Leaving good ol' GA this Summer and moving to Kansas City. Wondering if anyone has any knowledge on the hunting out there in terms of gear (boat? Utv?) I'll need, clubs/leases, public land, etc. 

I know the Missouri is hunted and there's ample other opportunity for geese and greenheads around but I don't know much more than those general ideas and am hoping someone might have some insight to further my knowledge. Thanks!


----------



## gsfowler (Mar 20, 2017)

I've hunted south of there in MO for several years.  The hunting can be awesome with the right weather.  There have been days when our pit got a 6 man limit of all green and pintails.  Schell-Osage has some walk in opportunity but you may want to look into joining a club if you are serious.  Snow goose hunts are awesome too and those usually just require a farmers permission and someone with all of the equipment.  You can also do field hunts for honkers and ducks the same way.  There is so much land out there.


----------



## Duckbuster82 (Mar 20, 2017)

If you find some farms with birds dry feeding, have trailer full of decoys and blinds ready to travel.


----------



## king killer delete (Mar 29, 2017)

Go west young man. I lived in Manhattan Kansas for five years. Killed allot of ducks on public land.


----------



## king killer delete (Apr 5, 2017)

https://en.wikipedia.org/wiki/Tuttle_Creek_Lake


----------



## king killer delete (Apr 5, 2017)

www.naturalkansas.org/cheyenne.htm


----------



## king killer delete (Apr 5, 2017)

https://fortriley.isportsman.net/


----------



## king killer delete (Apr 5, 2017)

I know this is Kansas but all you need to do is get on I 70 and head west.

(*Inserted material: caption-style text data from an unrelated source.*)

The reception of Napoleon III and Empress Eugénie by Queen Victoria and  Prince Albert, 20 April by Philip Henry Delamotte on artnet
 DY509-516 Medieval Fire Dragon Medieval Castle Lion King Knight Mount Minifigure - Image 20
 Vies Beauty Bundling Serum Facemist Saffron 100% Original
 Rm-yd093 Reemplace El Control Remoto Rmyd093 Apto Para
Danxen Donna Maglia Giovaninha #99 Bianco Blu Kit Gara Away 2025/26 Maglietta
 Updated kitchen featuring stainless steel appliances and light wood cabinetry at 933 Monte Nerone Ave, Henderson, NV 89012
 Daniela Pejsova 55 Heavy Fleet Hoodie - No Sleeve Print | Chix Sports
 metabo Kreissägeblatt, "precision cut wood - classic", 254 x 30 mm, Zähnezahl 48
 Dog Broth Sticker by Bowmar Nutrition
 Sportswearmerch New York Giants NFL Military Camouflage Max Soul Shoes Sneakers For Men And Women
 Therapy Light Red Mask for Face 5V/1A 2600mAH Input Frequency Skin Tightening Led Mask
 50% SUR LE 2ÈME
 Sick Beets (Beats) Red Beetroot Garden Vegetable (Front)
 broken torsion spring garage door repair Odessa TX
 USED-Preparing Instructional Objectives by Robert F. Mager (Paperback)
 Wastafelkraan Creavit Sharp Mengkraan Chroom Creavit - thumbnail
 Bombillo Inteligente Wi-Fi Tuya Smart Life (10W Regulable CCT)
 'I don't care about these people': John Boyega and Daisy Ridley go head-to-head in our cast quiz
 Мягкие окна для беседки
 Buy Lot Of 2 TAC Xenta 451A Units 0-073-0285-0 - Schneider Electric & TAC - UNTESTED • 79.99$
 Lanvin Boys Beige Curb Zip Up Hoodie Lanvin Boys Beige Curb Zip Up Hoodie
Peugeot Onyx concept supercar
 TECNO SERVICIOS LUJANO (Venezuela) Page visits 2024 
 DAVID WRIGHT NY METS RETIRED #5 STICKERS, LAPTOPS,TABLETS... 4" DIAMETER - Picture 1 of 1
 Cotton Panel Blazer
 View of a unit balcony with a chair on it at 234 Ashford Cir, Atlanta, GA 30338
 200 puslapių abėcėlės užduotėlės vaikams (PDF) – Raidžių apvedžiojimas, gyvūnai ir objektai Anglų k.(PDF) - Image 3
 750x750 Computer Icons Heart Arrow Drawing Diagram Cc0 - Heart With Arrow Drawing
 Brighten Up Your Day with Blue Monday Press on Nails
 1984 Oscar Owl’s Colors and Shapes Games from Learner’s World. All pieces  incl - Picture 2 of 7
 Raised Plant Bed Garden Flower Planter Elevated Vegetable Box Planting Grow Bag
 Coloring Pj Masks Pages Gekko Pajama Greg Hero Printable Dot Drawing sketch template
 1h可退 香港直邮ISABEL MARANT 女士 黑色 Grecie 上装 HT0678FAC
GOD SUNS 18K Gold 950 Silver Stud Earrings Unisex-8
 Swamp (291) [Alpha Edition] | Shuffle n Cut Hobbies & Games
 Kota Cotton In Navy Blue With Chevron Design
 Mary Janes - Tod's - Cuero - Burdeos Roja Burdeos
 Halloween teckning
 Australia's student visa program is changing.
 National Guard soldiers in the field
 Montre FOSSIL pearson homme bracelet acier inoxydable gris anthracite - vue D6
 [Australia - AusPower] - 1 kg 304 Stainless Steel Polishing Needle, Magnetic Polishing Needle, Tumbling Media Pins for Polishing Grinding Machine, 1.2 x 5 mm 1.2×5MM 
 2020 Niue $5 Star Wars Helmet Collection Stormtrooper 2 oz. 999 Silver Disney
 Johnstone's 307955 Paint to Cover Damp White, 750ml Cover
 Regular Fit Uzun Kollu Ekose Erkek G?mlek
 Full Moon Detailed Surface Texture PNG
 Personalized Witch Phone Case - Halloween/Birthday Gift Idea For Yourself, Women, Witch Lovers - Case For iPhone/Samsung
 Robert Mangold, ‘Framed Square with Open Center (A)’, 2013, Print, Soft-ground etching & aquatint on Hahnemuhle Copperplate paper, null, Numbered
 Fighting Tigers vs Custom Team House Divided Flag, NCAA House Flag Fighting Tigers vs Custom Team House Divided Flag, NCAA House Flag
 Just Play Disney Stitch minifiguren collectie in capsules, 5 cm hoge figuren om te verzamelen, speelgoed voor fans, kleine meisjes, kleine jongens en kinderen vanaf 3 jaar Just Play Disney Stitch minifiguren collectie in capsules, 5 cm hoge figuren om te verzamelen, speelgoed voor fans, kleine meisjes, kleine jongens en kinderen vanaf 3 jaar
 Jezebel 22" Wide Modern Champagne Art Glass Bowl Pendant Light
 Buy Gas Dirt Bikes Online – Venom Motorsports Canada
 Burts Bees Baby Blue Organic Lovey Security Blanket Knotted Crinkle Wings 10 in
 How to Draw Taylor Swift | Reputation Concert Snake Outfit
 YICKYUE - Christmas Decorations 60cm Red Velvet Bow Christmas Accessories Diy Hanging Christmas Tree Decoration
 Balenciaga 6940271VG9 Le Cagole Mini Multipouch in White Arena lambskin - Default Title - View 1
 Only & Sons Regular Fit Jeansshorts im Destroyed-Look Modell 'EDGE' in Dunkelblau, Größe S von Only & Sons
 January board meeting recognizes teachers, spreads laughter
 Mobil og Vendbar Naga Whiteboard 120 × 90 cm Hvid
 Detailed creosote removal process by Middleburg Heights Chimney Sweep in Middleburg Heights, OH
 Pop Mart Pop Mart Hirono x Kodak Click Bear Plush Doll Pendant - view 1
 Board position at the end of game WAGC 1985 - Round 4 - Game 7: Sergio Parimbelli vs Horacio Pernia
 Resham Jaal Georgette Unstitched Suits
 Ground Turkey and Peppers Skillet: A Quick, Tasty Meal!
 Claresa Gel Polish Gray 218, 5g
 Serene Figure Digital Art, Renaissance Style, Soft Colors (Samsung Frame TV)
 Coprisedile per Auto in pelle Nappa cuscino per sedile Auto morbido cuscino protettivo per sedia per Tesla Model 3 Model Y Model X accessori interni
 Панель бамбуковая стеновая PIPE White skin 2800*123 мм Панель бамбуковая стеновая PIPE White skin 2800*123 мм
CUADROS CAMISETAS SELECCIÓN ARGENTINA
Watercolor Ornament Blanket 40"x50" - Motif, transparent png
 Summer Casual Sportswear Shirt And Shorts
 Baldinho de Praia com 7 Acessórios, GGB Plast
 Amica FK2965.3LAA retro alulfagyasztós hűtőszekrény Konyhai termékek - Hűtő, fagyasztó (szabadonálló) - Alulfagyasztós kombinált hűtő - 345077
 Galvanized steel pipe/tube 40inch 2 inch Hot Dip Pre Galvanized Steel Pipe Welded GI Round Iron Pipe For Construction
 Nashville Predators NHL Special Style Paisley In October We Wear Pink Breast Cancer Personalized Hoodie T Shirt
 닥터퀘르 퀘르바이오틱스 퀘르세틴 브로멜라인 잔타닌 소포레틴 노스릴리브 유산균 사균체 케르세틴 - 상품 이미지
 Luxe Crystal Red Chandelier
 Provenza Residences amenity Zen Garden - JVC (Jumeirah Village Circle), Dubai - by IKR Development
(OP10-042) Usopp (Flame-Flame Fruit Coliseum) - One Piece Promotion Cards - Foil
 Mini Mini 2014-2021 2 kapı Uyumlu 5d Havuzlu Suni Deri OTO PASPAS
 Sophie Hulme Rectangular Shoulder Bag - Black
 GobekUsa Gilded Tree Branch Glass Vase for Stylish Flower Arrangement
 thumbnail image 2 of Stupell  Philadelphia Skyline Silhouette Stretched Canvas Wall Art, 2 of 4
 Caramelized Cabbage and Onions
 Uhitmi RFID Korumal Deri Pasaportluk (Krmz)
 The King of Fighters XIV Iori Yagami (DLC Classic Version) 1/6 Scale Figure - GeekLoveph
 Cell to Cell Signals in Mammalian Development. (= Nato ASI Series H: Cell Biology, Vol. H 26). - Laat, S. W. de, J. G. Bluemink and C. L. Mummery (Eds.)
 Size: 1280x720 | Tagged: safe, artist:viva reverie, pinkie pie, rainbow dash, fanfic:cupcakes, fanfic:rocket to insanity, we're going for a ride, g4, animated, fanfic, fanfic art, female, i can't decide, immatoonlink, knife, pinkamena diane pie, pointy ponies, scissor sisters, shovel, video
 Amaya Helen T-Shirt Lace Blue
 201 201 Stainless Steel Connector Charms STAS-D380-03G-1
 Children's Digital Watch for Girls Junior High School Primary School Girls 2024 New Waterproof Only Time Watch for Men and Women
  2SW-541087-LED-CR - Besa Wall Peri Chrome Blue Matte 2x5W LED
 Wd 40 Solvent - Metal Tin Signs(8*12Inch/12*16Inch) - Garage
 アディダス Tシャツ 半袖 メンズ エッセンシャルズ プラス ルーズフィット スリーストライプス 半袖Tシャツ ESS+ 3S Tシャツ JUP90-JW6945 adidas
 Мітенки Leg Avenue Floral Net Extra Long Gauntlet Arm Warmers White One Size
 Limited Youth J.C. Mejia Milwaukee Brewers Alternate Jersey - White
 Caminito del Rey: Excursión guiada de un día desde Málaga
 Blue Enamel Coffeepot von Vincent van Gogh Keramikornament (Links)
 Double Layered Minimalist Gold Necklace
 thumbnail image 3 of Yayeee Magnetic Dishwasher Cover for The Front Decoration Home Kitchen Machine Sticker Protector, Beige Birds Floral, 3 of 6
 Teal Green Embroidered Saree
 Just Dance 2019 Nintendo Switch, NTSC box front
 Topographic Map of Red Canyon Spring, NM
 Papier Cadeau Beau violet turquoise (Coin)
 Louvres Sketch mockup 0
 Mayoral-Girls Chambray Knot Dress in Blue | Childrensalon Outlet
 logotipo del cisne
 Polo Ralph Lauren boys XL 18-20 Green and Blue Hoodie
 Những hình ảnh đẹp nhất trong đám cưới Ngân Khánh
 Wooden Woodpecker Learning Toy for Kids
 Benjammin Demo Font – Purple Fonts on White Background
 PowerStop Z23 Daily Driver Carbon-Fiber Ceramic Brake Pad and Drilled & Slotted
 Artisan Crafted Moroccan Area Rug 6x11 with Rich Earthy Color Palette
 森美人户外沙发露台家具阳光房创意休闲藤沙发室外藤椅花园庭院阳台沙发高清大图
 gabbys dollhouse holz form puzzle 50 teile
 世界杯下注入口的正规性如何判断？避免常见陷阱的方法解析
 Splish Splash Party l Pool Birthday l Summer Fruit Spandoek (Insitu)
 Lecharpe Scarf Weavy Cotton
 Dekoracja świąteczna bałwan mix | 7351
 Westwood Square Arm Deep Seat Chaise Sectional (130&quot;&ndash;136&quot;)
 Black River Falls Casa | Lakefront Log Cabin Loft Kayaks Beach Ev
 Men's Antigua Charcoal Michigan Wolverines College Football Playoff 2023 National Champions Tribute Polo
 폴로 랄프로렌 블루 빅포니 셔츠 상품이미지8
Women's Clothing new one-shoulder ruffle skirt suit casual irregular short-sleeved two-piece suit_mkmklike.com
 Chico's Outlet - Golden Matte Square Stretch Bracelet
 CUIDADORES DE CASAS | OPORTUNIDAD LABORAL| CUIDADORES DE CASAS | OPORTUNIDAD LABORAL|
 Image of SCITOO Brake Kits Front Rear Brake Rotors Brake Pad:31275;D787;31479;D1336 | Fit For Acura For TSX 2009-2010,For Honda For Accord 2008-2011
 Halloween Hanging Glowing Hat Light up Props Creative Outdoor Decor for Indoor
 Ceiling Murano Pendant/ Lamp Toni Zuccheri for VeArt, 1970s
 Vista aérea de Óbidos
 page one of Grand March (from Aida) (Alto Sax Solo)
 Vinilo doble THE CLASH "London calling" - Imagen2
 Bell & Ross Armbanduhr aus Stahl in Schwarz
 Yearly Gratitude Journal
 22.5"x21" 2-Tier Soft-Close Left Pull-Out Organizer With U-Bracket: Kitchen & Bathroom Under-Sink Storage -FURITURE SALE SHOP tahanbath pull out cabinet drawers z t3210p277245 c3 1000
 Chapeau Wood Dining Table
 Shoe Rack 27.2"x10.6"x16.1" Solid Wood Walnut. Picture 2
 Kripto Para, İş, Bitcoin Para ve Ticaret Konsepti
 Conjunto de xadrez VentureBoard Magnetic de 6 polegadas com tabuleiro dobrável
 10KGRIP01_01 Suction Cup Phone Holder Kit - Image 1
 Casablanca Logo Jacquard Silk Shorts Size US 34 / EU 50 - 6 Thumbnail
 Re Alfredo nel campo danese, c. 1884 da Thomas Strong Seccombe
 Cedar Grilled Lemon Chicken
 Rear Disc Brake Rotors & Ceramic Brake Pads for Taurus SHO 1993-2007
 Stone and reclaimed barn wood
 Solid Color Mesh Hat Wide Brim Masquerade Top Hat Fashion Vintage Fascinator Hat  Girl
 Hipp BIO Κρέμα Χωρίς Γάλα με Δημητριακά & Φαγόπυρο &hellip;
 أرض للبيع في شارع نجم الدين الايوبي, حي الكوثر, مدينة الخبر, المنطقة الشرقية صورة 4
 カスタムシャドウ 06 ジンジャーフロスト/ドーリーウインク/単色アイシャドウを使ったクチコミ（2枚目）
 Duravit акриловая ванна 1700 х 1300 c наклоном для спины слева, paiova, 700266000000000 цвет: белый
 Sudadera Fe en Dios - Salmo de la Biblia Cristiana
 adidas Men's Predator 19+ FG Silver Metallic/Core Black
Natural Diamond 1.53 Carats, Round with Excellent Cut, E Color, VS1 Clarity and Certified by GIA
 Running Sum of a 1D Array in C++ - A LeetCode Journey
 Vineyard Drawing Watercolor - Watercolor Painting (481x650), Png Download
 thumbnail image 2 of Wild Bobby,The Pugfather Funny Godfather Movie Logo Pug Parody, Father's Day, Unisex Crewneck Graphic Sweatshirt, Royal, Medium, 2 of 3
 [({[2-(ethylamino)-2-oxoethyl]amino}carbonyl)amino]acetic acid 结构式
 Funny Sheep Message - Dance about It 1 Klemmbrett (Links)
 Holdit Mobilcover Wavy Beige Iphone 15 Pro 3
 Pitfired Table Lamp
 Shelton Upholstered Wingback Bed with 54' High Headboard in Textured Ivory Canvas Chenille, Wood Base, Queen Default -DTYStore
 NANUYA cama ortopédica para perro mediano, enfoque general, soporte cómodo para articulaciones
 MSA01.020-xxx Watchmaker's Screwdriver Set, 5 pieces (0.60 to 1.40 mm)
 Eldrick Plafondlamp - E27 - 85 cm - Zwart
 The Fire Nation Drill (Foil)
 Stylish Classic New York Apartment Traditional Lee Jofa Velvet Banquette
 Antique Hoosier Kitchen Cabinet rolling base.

You are going to the honey hole. Plenty of ducks and deer and pheasant


----------



## king killer delete (Apr 5, 2017)

And if you want to hunt Yotes they got plenty.


----------



## king killer delete (Apr 5, 2017)

https://en.wikipedia.org/wiki/Milford_Lake


----------



## king killer delete (Apr 5, 2017)

http://ksoutdoors.com/Hunting/When-to-Hunt/Migratory-Birds


----------



## king killer delete (Apr 5, 2017)

Good Luck!


----------



## Ihunt (Apr 11, 2017)

I'm envious. Job swap? Both Missouri and Kansas have ample hunting opportunities. You'll never want to hunt here again.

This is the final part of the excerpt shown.